DM Monitoring
BERLIN: With a number of power and transport projects built in recent years, the China-proposed Belt and Road Initiative (BRI) is playing a positive role in Europe, providing clean power and high-quality infrastructure to local people.
Being benefit-sharing, environmental-friendly and high-quality, the BRI projects are bringing tangible benefits to European countries and their people.
Constructed by China National Machinery Import and Export Corporation (CMC), the Kaposvar 100MW Photovoltaic Power Plant is Hungary’s largest solar power station with a total investment of around 100 million euros (about 121 million U.S. dollars).
The CMC invested equity capital, while Bank of China provided financing for the project.
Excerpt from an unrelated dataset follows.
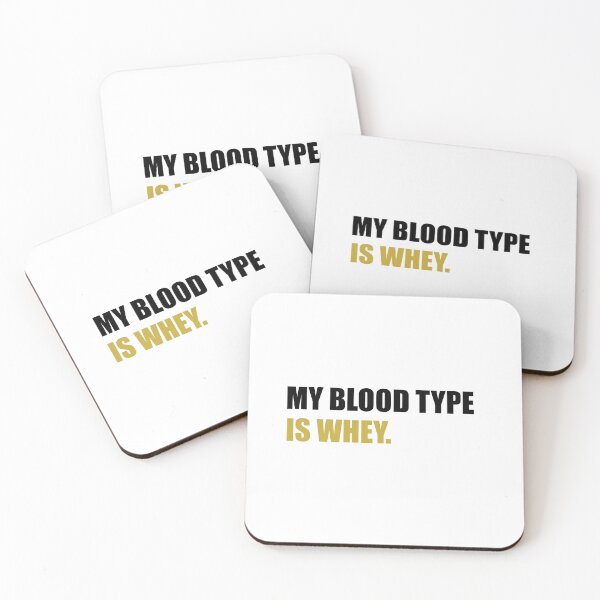 Item preview, My blood type is whey protein designed and sold by Ashtreemeadow.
The project funds are raised from the market, while Hungary had no loan or electricity purchase fulfillment guarantee, Meng Fanye, director of the CMC Hungarian project, told media.
The CMC’s investment will be amortized with electricity sales in the future, Meng said, adding the station will contribute a total of 2 million euros (about 2.12 million dollars) in taxes to local and state governments.
The 180-km-long highway linking the port of Bar on Montenegro’s Adriatic coast to the landlocked neighbor Serbia is another example. The project carried out by a Chinese company only has a 2-percent interest rate, a 20-year repayment schedule, and a six-year grace period, extremely favorable by international standards.
Rejecting a so-called “debt bondage” myth, Montenegrin Prime Minister Dusko Markovic said in June 2019 that his country did not provide land as collateral for loans, adding the Export-Import Bank of China offered the best terms in the international financial market at that moment.
“Absolutely nothing of what is speculated is true … there is no ‘debt bondage’,” said Markovic, stressing that the investor is Montenegro, not China or any other country. Since the very beginning of the BRI about seven years ago, environment, ecosystem and climate protection have become top priorities. In April 2019, China said that the BRI must be green and sustainable, and would deliver high-quality growth for all.
The BRI projects in Europe are using cutting-edge technologies and fully comply with European Union (EU) standards. Stanari, a small town in northern Bosnia and Herzegovina (BiH), is famous for the Stanari Thermal Power Plant (Stanari TPP), the first China-built coal-fired power plant in Europe, which went into operation in 2016. Stanari is rich in lignite, a low-quality type of coal emitting many pollutants if burned in a conventional way. In 2016, China’s Dongfang Electric Corporation (DEC) introduced an energy-saving and emission-reducing technology to the plant. Now the production here is efficient, said Aleksandar Milic, technical director of the plant, adding that in controlling emissions of sulfur dioxide, nitrogen oxide and dust, the operation meets or even exceeds EU standards.
In Croatia, the Peljesac Bridge project showed that a major infrastructure can make little impact on the local ecosystem with the highest environmental standards.